▸ **MATERIALS PROVIDED**:
^^^^^^^^

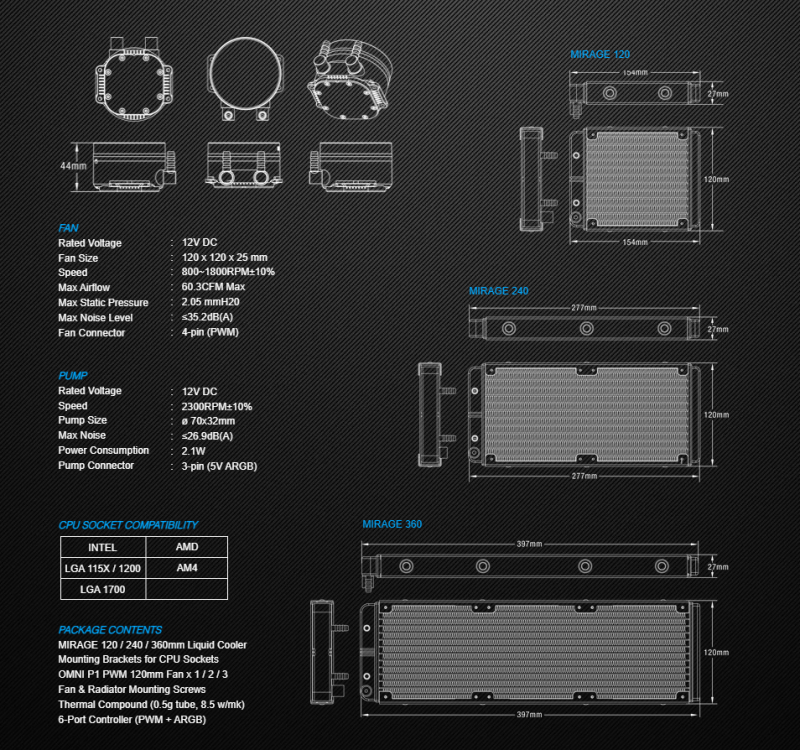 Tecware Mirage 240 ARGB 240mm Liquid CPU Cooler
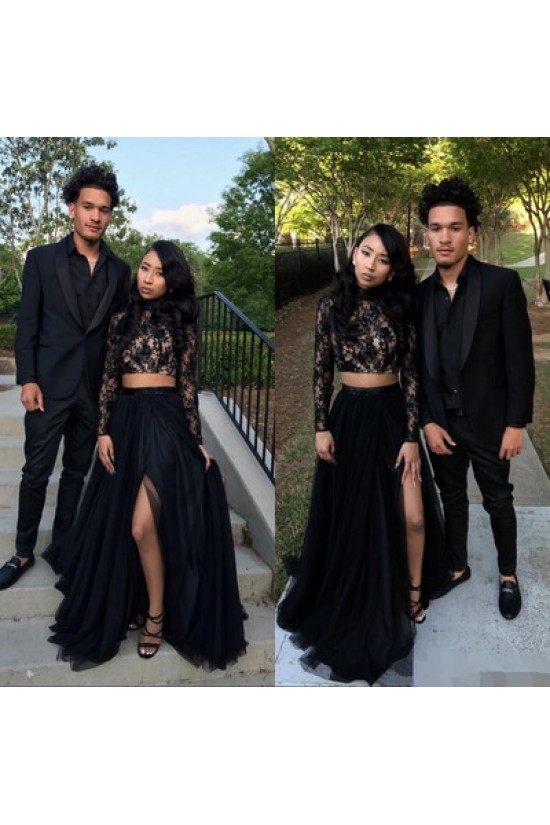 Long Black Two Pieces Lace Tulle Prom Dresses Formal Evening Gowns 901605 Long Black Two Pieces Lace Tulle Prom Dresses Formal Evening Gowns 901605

^^^^^^^^

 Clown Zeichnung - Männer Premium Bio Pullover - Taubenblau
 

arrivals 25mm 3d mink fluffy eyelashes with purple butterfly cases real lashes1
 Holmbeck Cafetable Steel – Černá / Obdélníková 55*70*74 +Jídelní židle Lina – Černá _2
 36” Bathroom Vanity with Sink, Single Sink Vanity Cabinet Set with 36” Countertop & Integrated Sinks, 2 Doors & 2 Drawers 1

^^^^^^^^

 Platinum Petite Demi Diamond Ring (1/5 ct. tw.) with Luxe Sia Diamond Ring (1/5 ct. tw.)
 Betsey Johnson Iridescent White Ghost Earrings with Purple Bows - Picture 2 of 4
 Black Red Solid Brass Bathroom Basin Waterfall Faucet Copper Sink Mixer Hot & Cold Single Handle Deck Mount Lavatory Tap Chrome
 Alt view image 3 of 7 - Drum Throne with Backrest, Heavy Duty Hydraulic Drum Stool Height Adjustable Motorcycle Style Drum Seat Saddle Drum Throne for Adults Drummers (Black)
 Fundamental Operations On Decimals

^^^^^^^^

▸ **EXERCISE DETAILS**: Looking at the entries above, can you reproduce exactly the lines from the one that holds "Black Red Solid" through the one that holds "Fundamental Operations On Decimals", and only those?

▸ **ANSWER BOX**:
 Black Red Solid Brass Bathroom Basin Waterfall Faucet Copper Sink Mixer Hot & Cold Single Handle Deck Mount Lavatory Tap Chrome
 Alt view image 3 of 7 - Drum Throne with Backrest, Heavy Duty Hydraulic Drum Stool Height Adjustable Motorcycle Style Drum Seat Saddle Drum Throne for Adults Drummers (Black)
 Fundamental Operations On Decimals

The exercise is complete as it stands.